- What the task requires: For the data below, transcribe the part that opens with the line containing "15ct & platinum" and closes with the line containing "CloudStudio108 branded wall", exactly and with no pictures.

- Information shown:
* * * *
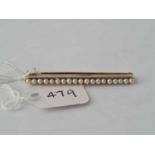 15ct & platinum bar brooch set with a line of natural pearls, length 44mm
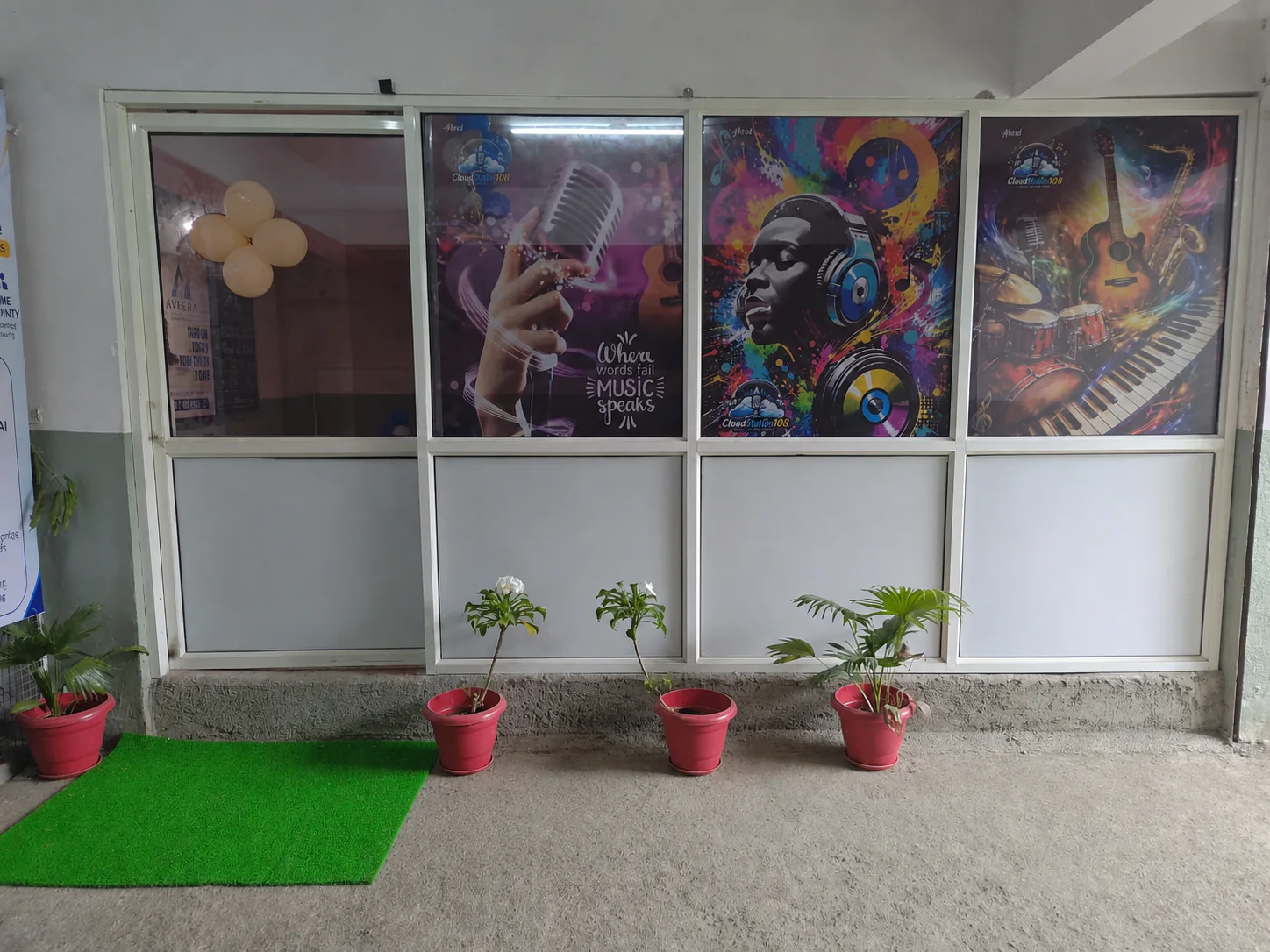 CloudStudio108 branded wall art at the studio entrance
* * * *
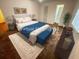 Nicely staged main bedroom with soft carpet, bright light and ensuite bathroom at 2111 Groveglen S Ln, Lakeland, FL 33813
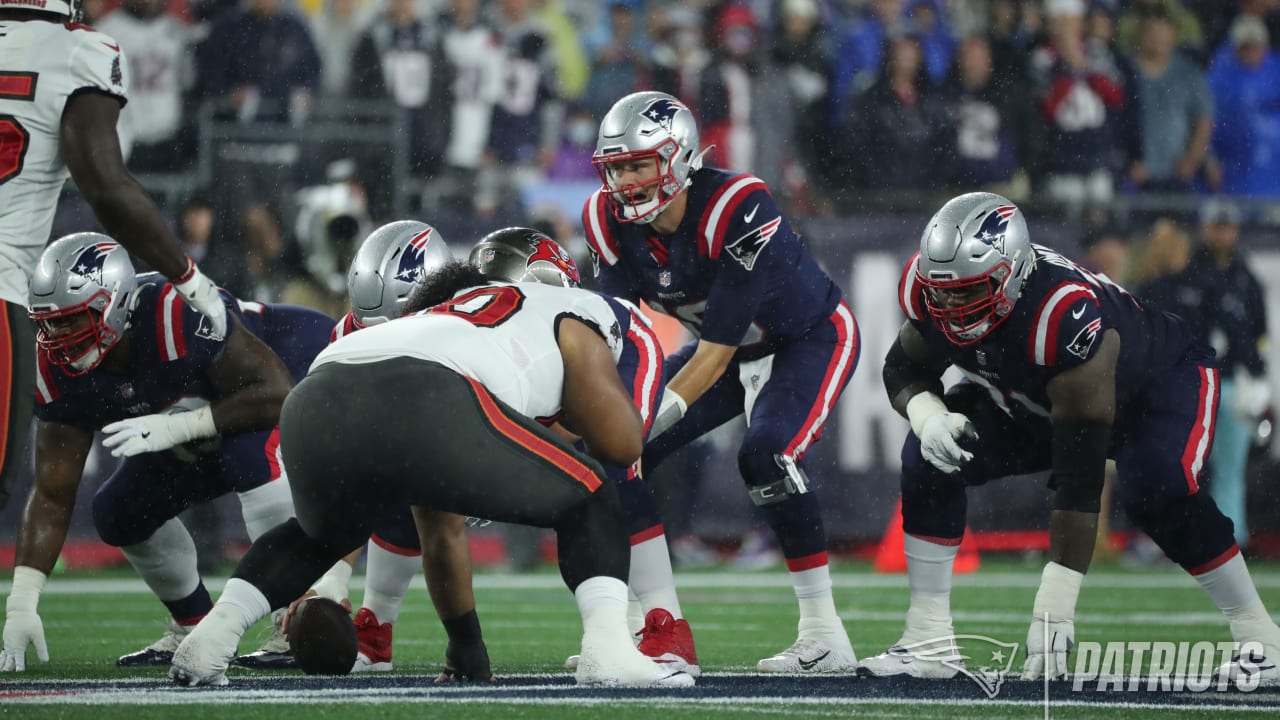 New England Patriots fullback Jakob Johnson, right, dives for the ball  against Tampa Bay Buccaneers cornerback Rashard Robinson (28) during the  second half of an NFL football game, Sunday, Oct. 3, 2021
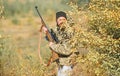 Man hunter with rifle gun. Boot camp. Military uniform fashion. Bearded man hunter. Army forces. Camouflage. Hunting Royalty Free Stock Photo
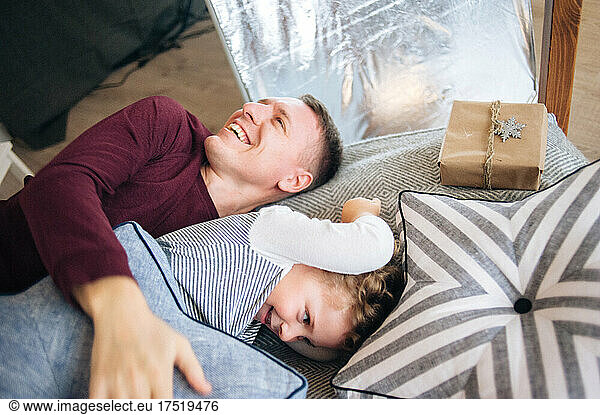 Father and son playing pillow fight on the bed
* * * *
- Exercise output:
 15ct & platinum bar brooch set with a line of natural pearls, length 44mm
 CloudStudio108 branded wall art at the studio entrance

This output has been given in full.